But our universe contains a vast number of abstract things that have no concrete existence, say, like universals or numbers. For example, the number 5 has no concrete existence, but does anyone doubt that the number 5, and indeed numbers in general, are real, meaningful concepts? (of course, the advocates of the philosophical position called nominalism would dispute the idea that numbers are real, but the crude Austrians never seem even to have the wit or intelligence to frame the debate on aggregates in terms of nominalism versus realism. I take a “moderate realist” position, for the record). Do people doubt that the sum of 5, 6, 3, 4, 8, and 1 (itself a number) is not a real, meaningful concept?
Aggregates just have no concrete existence like a concrete particular, as, for example, the particular chair you are sitting on, as you read this post.
When we move to economics or finance, it is obvious how aggregates permeate everything.

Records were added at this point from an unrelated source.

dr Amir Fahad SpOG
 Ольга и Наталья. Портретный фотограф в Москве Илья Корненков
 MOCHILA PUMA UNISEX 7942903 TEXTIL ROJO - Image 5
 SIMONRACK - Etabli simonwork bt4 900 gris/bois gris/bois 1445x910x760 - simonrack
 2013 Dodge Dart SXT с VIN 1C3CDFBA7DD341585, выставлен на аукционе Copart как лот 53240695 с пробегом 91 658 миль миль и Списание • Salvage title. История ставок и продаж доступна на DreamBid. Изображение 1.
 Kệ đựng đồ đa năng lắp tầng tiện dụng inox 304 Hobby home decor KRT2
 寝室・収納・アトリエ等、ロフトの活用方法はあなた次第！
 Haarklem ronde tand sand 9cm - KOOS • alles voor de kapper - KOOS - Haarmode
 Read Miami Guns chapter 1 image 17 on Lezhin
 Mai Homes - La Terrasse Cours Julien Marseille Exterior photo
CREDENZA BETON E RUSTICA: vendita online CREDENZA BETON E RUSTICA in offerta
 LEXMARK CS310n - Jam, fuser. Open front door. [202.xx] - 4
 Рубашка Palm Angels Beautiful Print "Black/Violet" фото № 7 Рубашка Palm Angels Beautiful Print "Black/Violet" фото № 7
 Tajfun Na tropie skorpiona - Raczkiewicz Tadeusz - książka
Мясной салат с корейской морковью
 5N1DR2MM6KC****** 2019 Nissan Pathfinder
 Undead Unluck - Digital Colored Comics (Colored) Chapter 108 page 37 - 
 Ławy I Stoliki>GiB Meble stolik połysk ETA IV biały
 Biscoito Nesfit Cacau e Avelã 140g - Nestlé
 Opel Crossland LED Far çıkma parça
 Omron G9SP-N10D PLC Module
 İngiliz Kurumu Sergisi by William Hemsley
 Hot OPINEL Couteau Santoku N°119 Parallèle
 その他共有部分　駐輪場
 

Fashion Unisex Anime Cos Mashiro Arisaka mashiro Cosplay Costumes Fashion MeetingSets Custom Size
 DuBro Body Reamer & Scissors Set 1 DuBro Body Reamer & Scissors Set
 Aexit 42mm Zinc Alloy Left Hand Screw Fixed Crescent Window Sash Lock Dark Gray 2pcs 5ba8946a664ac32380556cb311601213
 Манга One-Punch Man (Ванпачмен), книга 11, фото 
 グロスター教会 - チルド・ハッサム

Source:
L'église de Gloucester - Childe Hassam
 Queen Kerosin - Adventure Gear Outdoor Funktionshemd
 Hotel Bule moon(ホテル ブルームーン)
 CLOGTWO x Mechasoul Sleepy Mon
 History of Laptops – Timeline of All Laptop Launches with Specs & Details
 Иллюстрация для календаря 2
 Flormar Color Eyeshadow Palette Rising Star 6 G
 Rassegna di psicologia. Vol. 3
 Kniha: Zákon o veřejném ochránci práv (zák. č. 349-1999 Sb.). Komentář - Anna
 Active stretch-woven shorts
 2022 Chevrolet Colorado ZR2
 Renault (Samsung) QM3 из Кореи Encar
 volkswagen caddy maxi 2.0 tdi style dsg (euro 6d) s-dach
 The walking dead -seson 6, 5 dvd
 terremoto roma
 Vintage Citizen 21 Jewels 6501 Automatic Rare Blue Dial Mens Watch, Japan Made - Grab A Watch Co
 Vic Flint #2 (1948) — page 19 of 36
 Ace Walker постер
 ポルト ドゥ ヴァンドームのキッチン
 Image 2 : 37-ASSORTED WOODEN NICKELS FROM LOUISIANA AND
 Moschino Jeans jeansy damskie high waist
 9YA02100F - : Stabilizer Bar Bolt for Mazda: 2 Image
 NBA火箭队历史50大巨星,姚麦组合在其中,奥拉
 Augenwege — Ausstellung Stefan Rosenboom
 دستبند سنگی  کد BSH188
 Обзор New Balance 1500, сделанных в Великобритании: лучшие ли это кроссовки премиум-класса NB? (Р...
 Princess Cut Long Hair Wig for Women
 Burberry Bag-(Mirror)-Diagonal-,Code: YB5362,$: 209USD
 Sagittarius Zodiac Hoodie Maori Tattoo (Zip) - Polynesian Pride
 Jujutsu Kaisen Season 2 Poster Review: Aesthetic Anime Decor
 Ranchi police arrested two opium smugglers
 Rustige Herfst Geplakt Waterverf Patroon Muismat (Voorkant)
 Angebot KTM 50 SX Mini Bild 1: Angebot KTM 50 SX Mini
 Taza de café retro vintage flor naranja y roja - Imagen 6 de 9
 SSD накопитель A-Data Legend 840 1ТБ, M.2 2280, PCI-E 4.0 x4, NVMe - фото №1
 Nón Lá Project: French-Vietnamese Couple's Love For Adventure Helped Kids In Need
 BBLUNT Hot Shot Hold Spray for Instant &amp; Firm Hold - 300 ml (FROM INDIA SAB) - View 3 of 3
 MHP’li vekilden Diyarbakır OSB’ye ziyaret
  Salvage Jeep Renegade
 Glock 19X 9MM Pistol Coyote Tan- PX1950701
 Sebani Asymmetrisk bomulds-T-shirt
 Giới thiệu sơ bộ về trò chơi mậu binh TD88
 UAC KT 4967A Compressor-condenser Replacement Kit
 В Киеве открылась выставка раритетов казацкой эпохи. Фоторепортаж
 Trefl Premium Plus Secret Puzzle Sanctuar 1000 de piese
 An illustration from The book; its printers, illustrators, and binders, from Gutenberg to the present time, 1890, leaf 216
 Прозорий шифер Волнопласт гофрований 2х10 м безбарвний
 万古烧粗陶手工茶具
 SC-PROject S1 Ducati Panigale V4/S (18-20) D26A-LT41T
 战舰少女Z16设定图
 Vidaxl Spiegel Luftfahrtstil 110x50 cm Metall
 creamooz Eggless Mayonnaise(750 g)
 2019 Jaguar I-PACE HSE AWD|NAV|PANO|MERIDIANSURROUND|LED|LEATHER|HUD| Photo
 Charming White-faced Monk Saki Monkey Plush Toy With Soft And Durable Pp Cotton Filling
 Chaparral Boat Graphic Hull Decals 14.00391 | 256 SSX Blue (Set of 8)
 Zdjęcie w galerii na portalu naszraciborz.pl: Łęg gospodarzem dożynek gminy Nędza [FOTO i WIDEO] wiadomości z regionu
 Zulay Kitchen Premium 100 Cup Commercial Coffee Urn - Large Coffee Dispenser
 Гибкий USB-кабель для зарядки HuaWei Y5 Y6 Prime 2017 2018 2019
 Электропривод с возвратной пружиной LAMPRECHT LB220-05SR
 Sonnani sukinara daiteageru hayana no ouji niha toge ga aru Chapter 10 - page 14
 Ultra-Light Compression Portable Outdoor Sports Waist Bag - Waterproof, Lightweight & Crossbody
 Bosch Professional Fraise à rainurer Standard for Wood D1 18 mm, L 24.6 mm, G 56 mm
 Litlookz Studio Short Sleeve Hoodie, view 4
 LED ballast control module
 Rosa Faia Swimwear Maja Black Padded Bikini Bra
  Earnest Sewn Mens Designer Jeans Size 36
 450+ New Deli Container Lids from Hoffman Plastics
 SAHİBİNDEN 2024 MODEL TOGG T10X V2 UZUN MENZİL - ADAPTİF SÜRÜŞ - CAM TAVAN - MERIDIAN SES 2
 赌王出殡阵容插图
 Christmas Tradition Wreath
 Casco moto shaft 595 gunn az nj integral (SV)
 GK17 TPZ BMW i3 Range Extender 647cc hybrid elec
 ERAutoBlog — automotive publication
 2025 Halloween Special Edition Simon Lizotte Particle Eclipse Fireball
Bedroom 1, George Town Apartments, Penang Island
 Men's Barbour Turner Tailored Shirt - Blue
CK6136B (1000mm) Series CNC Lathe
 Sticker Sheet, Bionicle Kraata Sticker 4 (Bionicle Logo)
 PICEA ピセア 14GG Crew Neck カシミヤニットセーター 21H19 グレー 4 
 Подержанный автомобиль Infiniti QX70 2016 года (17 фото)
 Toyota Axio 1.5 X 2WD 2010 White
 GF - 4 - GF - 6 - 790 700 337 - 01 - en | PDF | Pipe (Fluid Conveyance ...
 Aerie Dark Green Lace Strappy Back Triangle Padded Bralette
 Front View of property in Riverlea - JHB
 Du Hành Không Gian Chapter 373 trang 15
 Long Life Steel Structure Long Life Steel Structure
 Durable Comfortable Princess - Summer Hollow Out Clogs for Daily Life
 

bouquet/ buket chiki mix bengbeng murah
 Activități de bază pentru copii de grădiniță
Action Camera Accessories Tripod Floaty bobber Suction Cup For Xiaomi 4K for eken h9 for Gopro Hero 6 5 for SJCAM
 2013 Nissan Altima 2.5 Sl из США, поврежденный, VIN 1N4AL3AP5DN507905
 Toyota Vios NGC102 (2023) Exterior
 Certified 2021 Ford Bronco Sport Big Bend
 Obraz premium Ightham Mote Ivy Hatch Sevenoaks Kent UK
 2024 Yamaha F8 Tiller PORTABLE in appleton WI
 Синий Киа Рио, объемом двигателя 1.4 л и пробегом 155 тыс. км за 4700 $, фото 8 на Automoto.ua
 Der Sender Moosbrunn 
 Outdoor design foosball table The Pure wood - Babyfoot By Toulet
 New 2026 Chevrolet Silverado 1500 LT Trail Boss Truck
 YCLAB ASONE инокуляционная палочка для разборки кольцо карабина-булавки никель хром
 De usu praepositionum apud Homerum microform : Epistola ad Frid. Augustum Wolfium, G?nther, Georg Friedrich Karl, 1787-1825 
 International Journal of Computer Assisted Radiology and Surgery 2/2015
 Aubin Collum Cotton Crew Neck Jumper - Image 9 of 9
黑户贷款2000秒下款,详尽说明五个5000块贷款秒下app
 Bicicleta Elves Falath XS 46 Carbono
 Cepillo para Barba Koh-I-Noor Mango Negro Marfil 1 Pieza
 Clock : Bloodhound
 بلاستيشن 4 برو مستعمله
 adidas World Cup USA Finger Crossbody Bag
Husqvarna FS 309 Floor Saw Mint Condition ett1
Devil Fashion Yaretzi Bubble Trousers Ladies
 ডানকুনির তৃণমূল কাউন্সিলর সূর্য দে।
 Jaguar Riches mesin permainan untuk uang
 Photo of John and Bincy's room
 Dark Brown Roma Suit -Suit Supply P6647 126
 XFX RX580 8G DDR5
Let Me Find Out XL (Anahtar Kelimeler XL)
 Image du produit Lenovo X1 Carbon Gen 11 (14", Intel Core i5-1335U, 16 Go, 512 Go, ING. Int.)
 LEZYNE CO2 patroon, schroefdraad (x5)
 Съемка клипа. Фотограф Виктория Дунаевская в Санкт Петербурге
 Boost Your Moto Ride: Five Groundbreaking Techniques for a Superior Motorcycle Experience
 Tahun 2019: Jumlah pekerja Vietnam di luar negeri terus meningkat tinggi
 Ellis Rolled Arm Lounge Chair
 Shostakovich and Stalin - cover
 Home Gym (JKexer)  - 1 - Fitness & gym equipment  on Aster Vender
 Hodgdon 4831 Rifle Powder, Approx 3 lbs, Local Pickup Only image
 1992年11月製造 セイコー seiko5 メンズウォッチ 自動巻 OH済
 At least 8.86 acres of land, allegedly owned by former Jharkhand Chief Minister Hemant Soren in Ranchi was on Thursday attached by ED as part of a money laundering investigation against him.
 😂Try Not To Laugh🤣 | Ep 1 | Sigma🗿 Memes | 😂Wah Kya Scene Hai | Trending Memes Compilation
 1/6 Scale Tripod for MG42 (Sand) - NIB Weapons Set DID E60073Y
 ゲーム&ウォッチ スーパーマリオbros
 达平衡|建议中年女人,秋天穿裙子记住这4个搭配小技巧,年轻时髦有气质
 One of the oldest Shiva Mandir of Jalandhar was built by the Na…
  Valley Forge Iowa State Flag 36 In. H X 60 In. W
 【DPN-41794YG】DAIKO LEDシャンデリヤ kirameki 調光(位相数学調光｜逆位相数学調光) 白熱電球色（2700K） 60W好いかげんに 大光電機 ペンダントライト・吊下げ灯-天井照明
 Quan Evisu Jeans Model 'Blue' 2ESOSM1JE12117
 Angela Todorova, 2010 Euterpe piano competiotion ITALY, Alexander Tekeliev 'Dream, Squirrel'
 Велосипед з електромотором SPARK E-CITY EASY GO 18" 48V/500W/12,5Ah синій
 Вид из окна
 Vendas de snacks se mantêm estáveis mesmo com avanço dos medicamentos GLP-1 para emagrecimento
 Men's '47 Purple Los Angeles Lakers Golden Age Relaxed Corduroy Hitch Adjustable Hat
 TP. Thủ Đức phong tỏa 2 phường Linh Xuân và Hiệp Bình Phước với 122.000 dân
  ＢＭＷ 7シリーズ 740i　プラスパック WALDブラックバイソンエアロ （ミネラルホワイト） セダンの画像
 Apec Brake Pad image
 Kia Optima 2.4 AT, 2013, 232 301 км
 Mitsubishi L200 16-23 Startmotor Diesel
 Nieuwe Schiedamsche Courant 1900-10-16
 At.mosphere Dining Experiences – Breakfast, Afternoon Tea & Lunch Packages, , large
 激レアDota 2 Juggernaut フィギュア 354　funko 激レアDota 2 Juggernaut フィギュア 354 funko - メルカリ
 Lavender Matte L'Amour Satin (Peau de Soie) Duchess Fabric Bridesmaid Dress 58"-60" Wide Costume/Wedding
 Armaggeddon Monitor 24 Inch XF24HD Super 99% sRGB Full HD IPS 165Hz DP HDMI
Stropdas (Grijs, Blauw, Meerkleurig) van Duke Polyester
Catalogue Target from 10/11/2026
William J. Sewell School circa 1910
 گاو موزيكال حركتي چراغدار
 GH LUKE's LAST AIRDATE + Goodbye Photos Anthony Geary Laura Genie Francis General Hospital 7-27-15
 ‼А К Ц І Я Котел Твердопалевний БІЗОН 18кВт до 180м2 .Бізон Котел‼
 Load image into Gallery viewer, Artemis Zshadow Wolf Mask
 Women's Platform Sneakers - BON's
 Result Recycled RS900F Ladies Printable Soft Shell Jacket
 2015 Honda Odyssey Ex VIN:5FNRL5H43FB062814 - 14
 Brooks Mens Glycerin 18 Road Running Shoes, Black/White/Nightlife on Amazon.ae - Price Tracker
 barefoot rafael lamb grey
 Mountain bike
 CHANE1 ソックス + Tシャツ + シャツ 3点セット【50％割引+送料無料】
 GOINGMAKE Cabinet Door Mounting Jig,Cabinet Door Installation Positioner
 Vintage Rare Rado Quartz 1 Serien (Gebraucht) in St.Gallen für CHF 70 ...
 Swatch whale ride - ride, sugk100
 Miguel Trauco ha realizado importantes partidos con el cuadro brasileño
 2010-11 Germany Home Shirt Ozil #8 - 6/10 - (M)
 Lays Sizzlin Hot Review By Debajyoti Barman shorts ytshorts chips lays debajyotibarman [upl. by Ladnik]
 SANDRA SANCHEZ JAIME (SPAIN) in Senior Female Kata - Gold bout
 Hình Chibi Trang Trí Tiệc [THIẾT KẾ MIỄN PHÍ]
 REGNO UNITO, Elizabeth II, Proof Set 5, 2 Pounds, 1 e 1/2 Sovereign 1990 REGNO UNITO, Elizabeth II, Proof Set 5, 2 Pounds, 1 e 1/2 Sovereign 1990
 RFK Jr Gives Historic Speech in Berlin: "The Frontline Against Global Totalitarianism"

A business can sell units of a good or even units of heterogeneous goods. But it can calculate value of the volume of its sales of goods as a monetary aggregate in any given period (say, the financial year or even a month or day). It is the same with the aggregated money value of purchased final goods and services throughout an economy in a given year, the aggregate that is used to express or calculate the value of aggregate demand.
Aggregate concepts are required by Say’s law: (1) the value of total factor payments considered as aggregate supply, and (2) aggregate demand as the aggregate of spending on output that has been earned from total factor payments. If aggregate concepts are invalid, then Say’s law is also invalid.
While I am pleased to see Jonathan Finegold Catalán proclaim that only crude Austrians deny the existence of aggregates, a more interesting question is whether he is willing to repudiate statements like this from the Austrian William L. Anderson:
“When Krugman uses ‘demand,’ he means ‘aggregate demand,’ which economically speaking is a nonsensical term. There is no such thing as “aggregate demand.’”Anderson sets himself up as a serious Austrian critic of Paul Krugman, yet here he is caught making the most risible, stupid statements.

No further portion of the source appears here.